1.10The fact that such growth in the use of a potentially severe form of penalty has occurred in the absence of any general consideration of their design is undesirable. Examination of civil pecuniary penalties is both warranted and overdue.
1.11The lack of analysis may carry some blame for the inconsistencies that exist across the field of civil pecuniary penalty provisions. While there are some common approaches, current statutes deal with matters such as procedural rules, guidance about penalty levels and when a penalty should be imposed, privilege and double punishment in a variety of ways. This range of approaches can create confusion. It does not assist in promoting the integrity of the law and suggests that insufficient consideration has been given to taking an approach that reflects good legal principle.
1.12There is also a lack of consistency in when civil pecuniary penalties have or have not been included in a legislative scheme. For example, while they feature heavily in some aspects of environmental legislation they are entirely absent in other areas of environmental law. Another example arises in the regulation of certain financial services. Civil pecuniary penalties are a feature of the Securities Trustees and Statutory Supervisors Act 2011, which has as its purpose to protect the interests of security holders and of residents of retirement villages, and to enhance investor confidence in financial markets and retirement villages. In part, it does this by setting standards for trustees and statutory supervisors and providing for them to be held accountable for failures to perform their functions effectively. In contrast, the obligations under the, also recent, Insurance (Prudential Supervision) Act 2010 are all enforced by way of criminal offences. Yet the aims of the two pieces of legislation appear to be similar: the purpose of the 2010 Act is to promote the maintenance of a sound and efficient insurance sector and to promote public confidence. Again, the Act sets standards for insurers and provides for them to be held accountable for failing to comply.
1.13The differences in legislative approach may be a reflection more of the novel nature of civil pecuniary penalties than anything else. But, they indicate that a first principles review is needed.
1.15Civil pecuniary penalties, then, are a relatively new form of enforcement tool which challenges the traditional distinction between the criminal and civil law. Historically, the criminal-civil divide has been central to how we think about the law. The criminal law is concerned with how the State punishes people who act in a way that Parliament has decided is worthy of condemnation as a criminal offence. Criminal offences are prosecuted through the criminal courts using the rules of criminal procedure. Prosecution can result in imprisonment and a criminal conviction – an enduring form of sanction which can have life-long implications for employment prospects, freedom to travel and other opportunities.
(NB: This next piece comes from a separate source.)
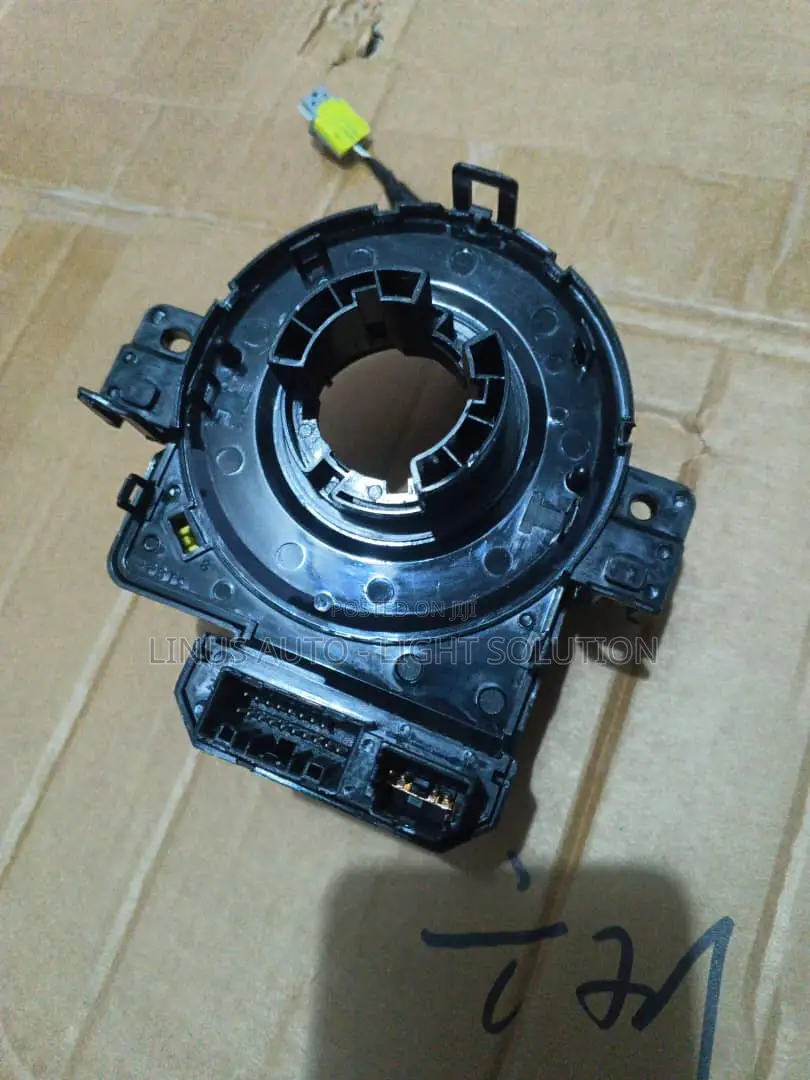 Hon Control 2024 Honda Accord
Because criminal conviction results in our legal system’s gravest implications for the defendant, criminal procedural rules provide the greatest protections available.
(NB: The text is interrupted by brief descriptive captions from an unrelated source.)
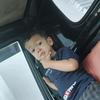 Khalid Yusuf - @_khalidyusuf14 - TikTok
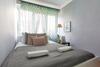 Polly & Molly Apartment In City Centre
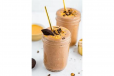 Peanut Butter Banana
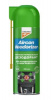 Очиститель кондиционеров Aircon Deodorizer 330мл 355050 KANGAROO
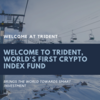 Trident Crypto Fund
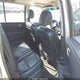 5FNYF4H73CB017505 2012 Honda Pilot Ex-L auction photo thumbnail 8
1.16In contrast, the civil law is concerned with disputes between, or the vindication of rights of, private individuals or bodies. Civil litigation is pursued according to civil procedural rules which allow the defendant fewer protections.
1.18Civil pecuniary penalties are not alone in straddling the criminal-civil divide. For example, the civil remedy of exemplary damages is punitive rather than compensatory and the sentence of reparation, handed down by criminal courts, is designed to compensate the victim. So, there are instances where the line has been breached. However, in this Issues Paper we suggest that where such a breach is to occur, it should be done with a robust rationale and in a manner which is fair.
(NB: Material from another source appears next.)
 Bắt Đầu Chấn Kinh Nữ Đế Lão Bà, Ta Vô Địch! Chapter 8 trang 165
[N]egotiating an effective civil penalty procedure on a case-by-case basis is problematic and carries the danger of “lead[ing] to indeterminacy or default to criminal procedure”.
1.23It must be acknowledged that, thus far, these concerns have not arisen in civil pecuniary penalty cases in New Zealand. Civil pecuniary penalties have been imposed in around 60 cases. Most have arisen under the Commerce Act 1986. In the majority of those cases, the Commerce Commission and defendant have reached an agreed penalty which has been approved by the Court. There has therefore been little substantial judicial analysis of the nature of civil pecuniary penalties. It is possible that defendants will continue to accept their imposition and that our courts will continue to approach them in this manner. However, as the numbers of civil pecuniary penalty provisions grow, in a wider range of statutory settings, it is likely that there will be more litigation. As they are imposed on a wider range of persons they may be more robustly defended. It is notable that, to date, very few cases have been taken against individuals as opposed to bodies corporate. It may be that our courts will be required to tackle the sorts of issues that have vexed courts in other jurisdictions. Moving forward, consistency and principle in the design and use of civil pecuniary penalties may assist in reducing the risk of litigation.